しかし、約1年半後の享保10年(1725年)10月には、容貞から引き離され、物頭・笹原伊三郎忠義の嫡子、与五右衛門忠一に嫁がされた。笹原家では一度は深く辞退したが、藩主の御内意であると強く申し伝えられ、都合が悪ければ離縁して実家の塩原家に返してもいい、同輩の中から娶ったものと同じく心得て、何事にも心遣いはしなくともいい、と告げられて、強いて辞退する言葉もなく、拝領を受け入れた。結婚後、24歳の忠一と16歳の伊知は仲睦まじい夫婦となった。伊知は気配りの利く性格で、舅姑にも孝行を尽くし、家計を助けるため自ら裁縫調食した。2年後には女子・富が生まれた。

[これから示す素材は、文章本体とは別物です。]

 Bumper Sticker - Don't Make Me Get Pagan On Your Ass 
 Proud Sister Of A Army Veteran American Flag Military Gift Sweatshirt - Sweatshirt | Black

ところが、享保12年(1727年)3月、正容の嫡子となっていた三男正甫が死去。3か月前に五男の正房も死去していたため、伊知の産んだ容貞が嫡子となった。これにより、嫡子生母が一家臣の妻という都合の悪い状況となった。
9月、伊知は召し出しにより城に呼ばれ、そのまま病になったということで、城に逗留していた。藩の重臣たちは、一方的に伊知を召し返しては武士として笹原家の誇りを傷つけるものであり、笹原家より離縁状を出させるのが良いと考え、まず御側医を介し離縁を勧めた。しかし、笹原父子は主君より賜った妻を離別することは不敬に当たるとして、離縁を断った。使者が若君の御為と押し迫ると、若君の御為と言うのであれば、五年なり十年なり、一生でも奥に差し置かせるが、離縁だけはする意思のないことを述べた。さらに、伊知が取り上げられたまま離縁せよというのでは武士の面目が立たないので、ひとまず伊知を笹原家へ返してほしいと願い出た。藩側と笹原家の押し問答は2か月近く続き、重臣たちはついに笹原父子の訴えを藩主正容の耳に入れた。笹原父子は調べのため、それぞれ家臣のところに預けられた。忠一は調べに際し、伊知が奥を出て笹原家に帰る意志のないことを聞かされても、一旦伊知を家に返してほしい、その上で返上願いを出したい旨を申し述べたが、無駄であった。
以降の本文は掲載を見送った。